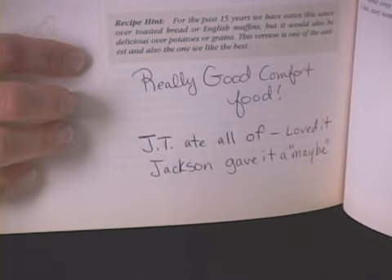After we tried one recipe I wrote 'really good comfort food' in the book. JT ate all of it and loved it; Jackson gave it a maybe. I think kids need to try things a few times before they can really decide. I like to get them involved — give them two or three healthy choices and make them feel part of the process.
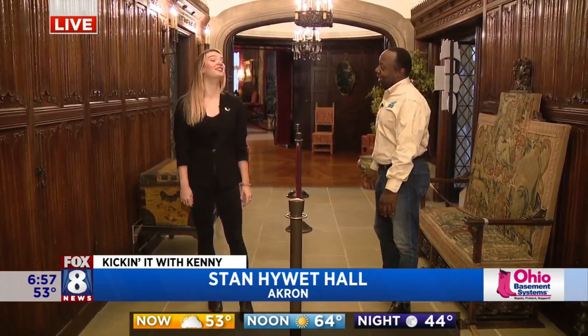It looks kind of different because the last time we were here there were Christmas decorations galore. And so here we are in the spring. Good to see you. Good to see you guys. Welcome back to Stan Hewitt.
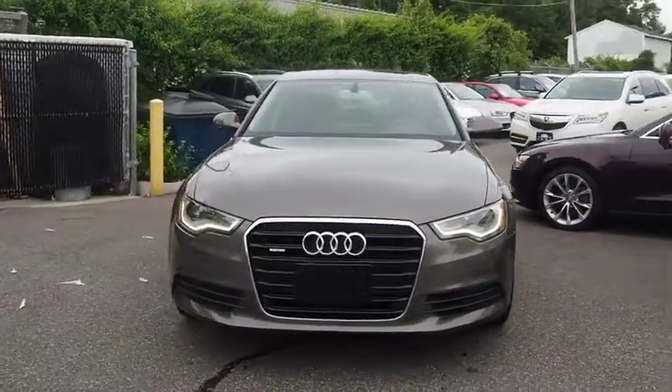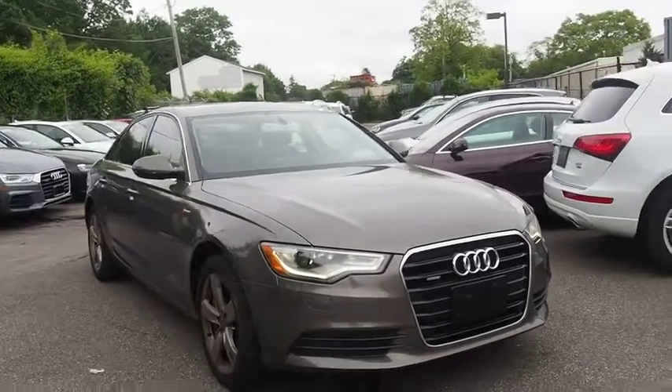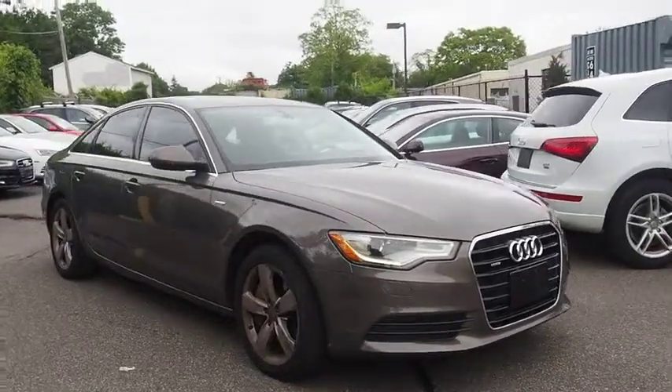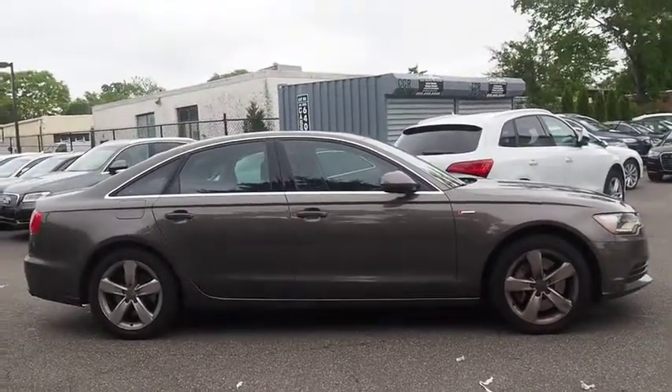The 2012 Audi A6. The large executive favorite, the Audi A6, remains a cornerstone of the market. This vehicle has less than 15,000 miles. Here are some of this vehicle's great options.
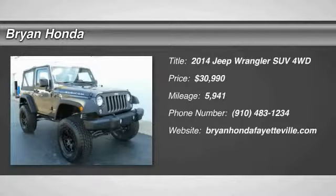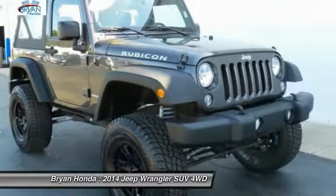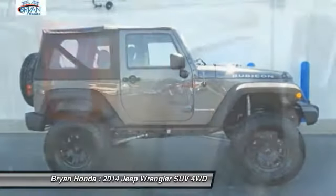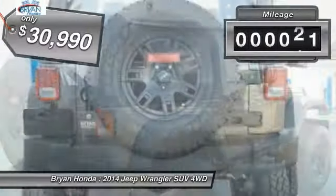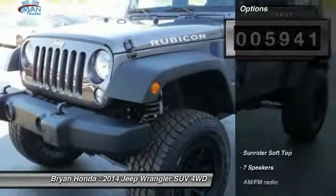Take a ride in the 2014 Jeep Wrangler. Few vehicles are better off-road than a Jeep Wrangler — this is the one that started it all, traceable to the original Jeep. The Wrangler is the very symbol of off-road capability, and it's priced below thirty-five thousand dollars. This vehicle has less than six thousand miles.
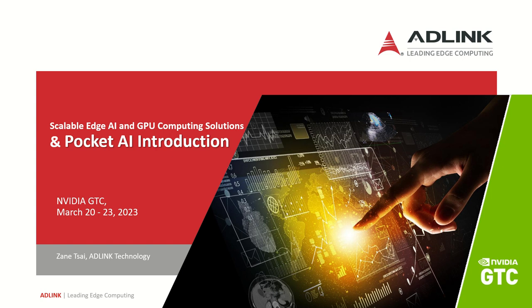Hello, everyone. Welcome to my session. I'm Zain Tsai from ADLink Technology. Today, I'm going to share with you solutions for scalable HGI and GPU computing, as well as a new innovative productivity product named Pocket AI.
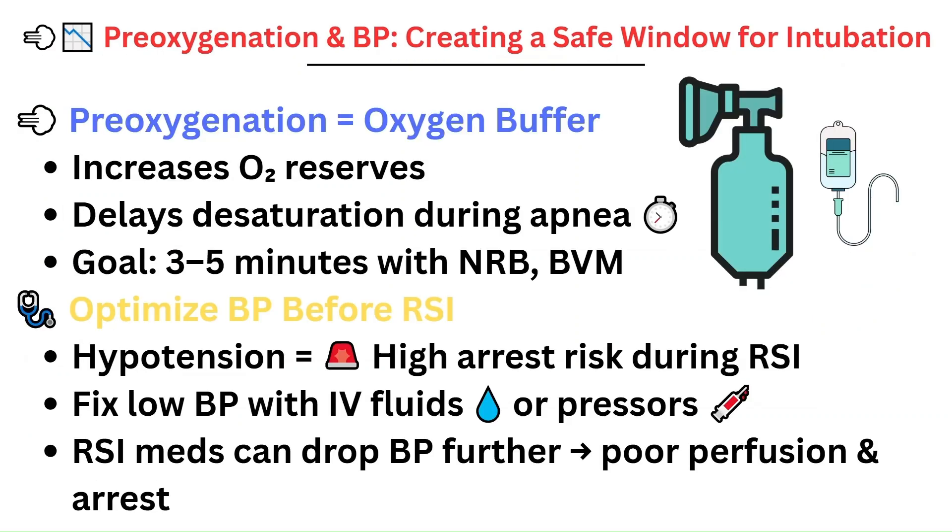Before RSI begins, before meds are even given, you want to create the best scenario for the intubation. That starts with good pre-oxygenation and a stable blood pressure. Pre-oxygenation builds up oxygen reserves, giving the patient more time before their oxygen levels drop during the apnea. Remember — while the provider is attempting to intubate after the medications have been given, the patient is apneic, not breathing at all. That pre-oxygenation gives them a buffer while the provider places the ET tube. The goal is at least 3-5 minutes of pre-oxygenation using a non-rebreather or bag valve mask.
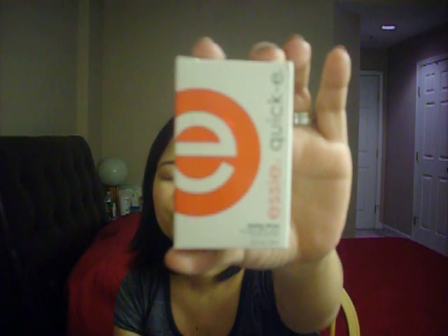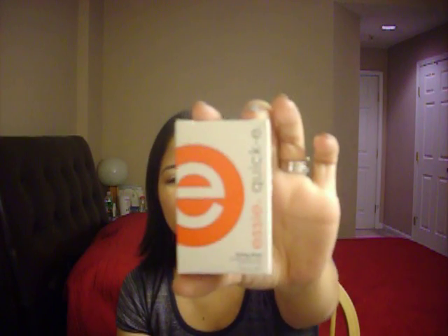Oh! Last one that I got — sorry, totally spaced out. I got these Essie Quick E Drying Drops. I believe Lollipop26 was talking about drying drops that she had used; I don't remember what brand she used, but I picked this up. It's kind of pricey, but I figure if it does the trick and really does dry quickly — because I'm always in a rush right after I do my nails and I always nick them, or I'll fall asleep and wake up and it's all smudgy — then I would have saved myself a lot of time, money, and aggravation. Hopefully this will work, and I will let you guys know if it does or does not.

Exercise:
No pictures belong in the answer, only the lines from the top of the listing through the line containing "Take a ride", repeated word for word.

Exercise solution:
After we tried one recipe I wrote 'really good comfort food' in the book. JT ate all of it and loved it; Jackson gave it a maybe. I think kids need to try things a few times before they can really decide. I like to get them involved — give them two or three healthy choices and make them feel part of the process.
It looks kind of different because the last time we were here there were Christmas decorations galore. And so here we are in the spring. Good to see you. Good to see you guys. Welcome back to Stan Hewitt.
The 2012 Audi A6. The large executive favorite, the Audi A6, remains a cornerstone of the market. This vehicle has less than 15,000 miles. Here are some of this vehicle's great options.
Take a ride in the 2014 Jeep Wrangler. Few vehicles are better off-road than a Jeep Wrangler — this is the one that started it all, traceable to the original Jeep. The Wrangler is the very symbol of off-road capability, and it's priced below thirty-five thousand dollars. This vehicle has less than six thousand miles.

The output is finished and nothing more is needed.